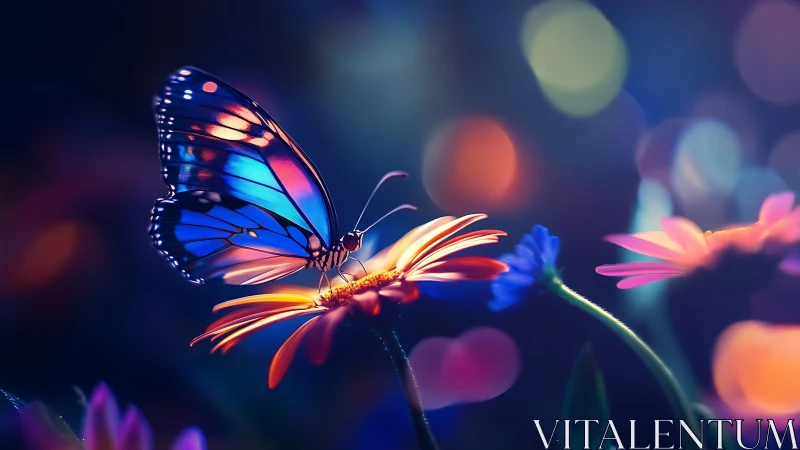 Luminous butterfly poised on neon daisy under bokeh dusk.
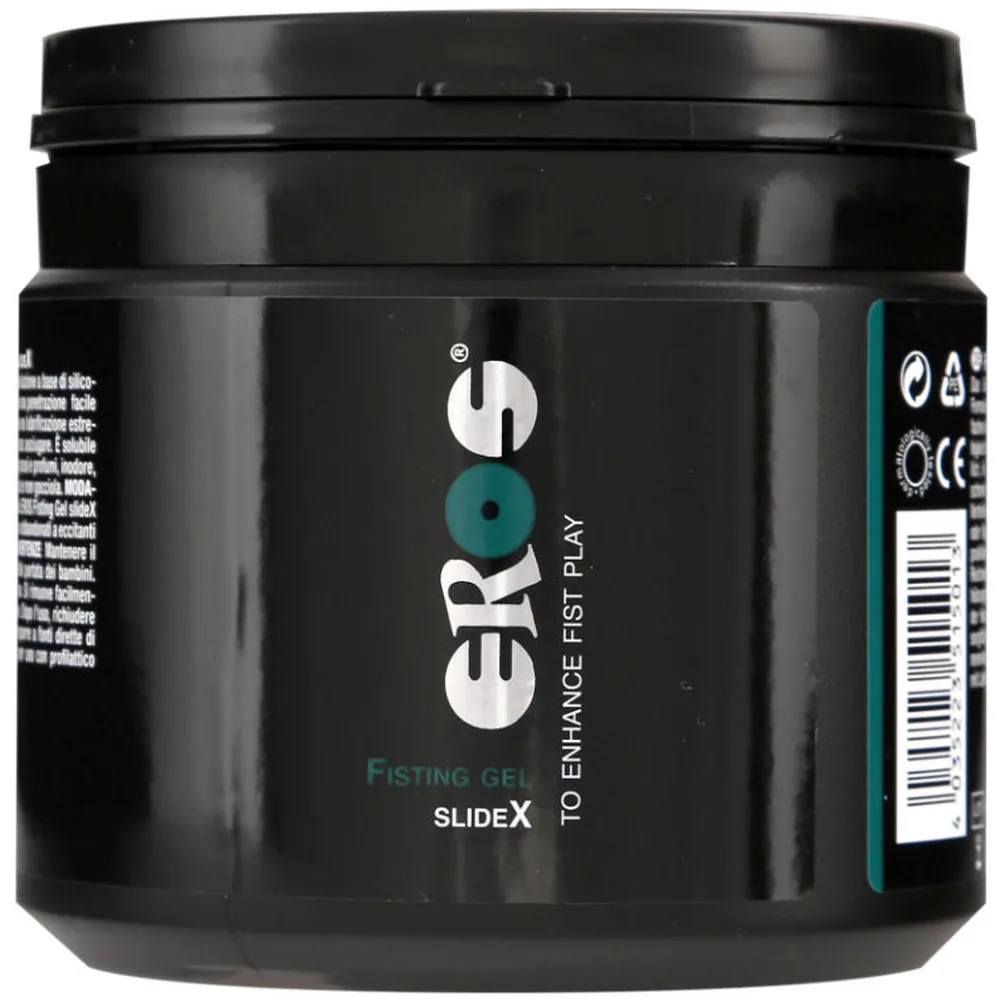 Pot noir avec couvercle à vis de gel lubrifiant Eros Fisting Gel Slidex 500 ml, étiquette turquoise et blanche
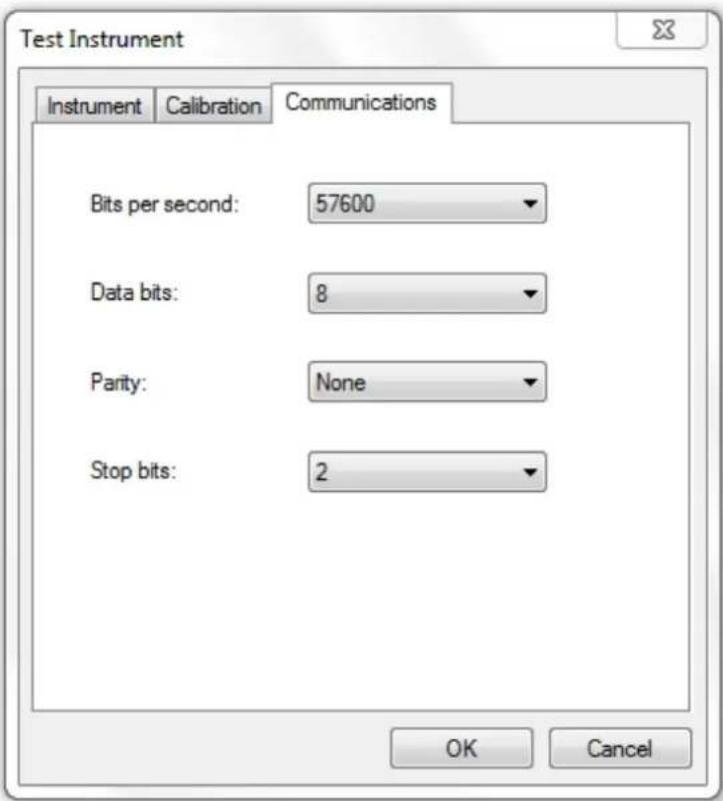 Test Instrument Instrument Calibration Communications Bits per second: 57600 Data bits: 8 Parity: None Stop bits: 2 OK Cancel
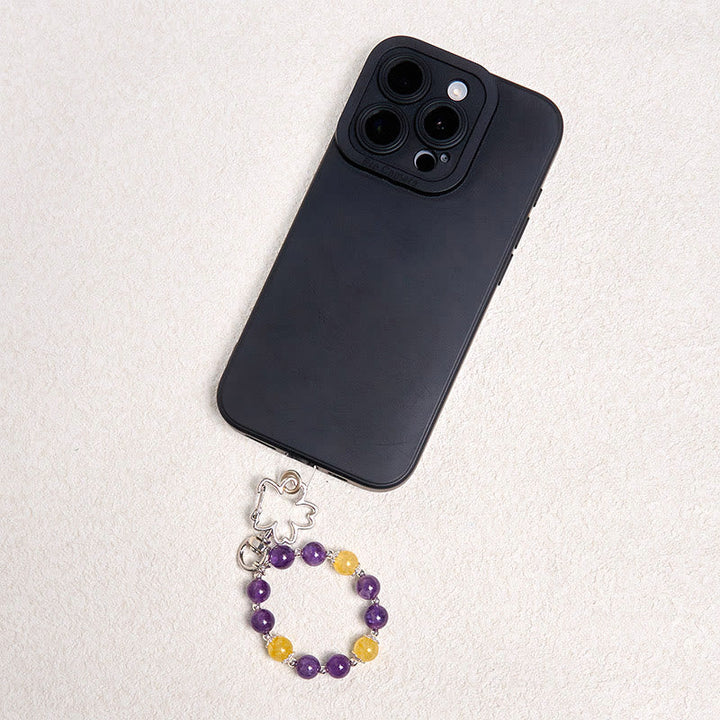 Schlüsselanhänger Amethyst Citrin – Positivität Handykette lila gelb Edelstein spirituell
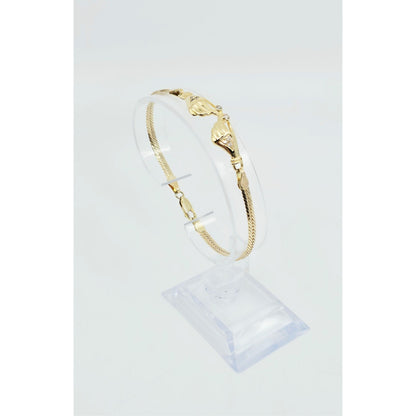 14K Yellow Gold Herringbone Hand Motif CZ Bracelet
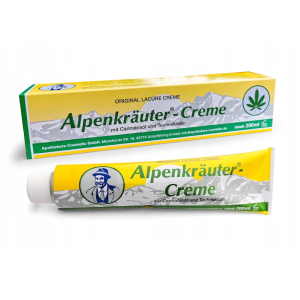 Alpu zālīšu krēms ar VELNASAKNI un KAŅEPJU eļļu 200ml (Vācija)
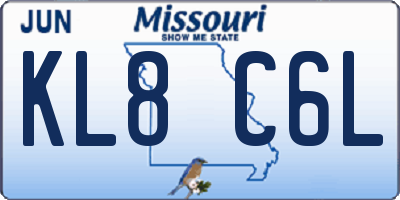 MO license plate KL8C6L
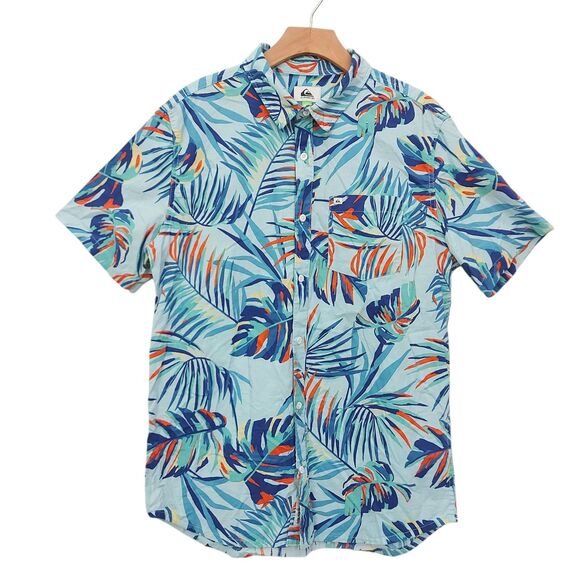 Quiksilver Other - Quiksilver Hawaiian Shirt Mens Medium Blue Regular Fit Vacation Travel Beach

Task:
The lines to copy exactly start with the line above that has "Pot noir avec" and go on through the line that has "MO license plate KL8C6L"; please include both, add nothing else, and omit the pictures.

Expected answer:
 Pot noir avec couvercle à vis de gel lubrifiant Eros Fisting Gel Slidex 500 ml, étiquette turquoise et blanche
 Test Instrument Instrument Calibration Communications Bits per second: 57600 Data bits: 8 Parity: None Stop bits: 2 OK Cancel
 Schlüsselanhänger Amethyst Citrin – Positivität Handykette lila gelb Edelstein spirituell
 14K Yellow Gold Herringbone Hand Motif CZ Bracelet
 Alpu zālīšu krēms ar VELNASAKNI un KAŅEPJU eļļu 200ml (Vācija)
 MO license plate KL8C6L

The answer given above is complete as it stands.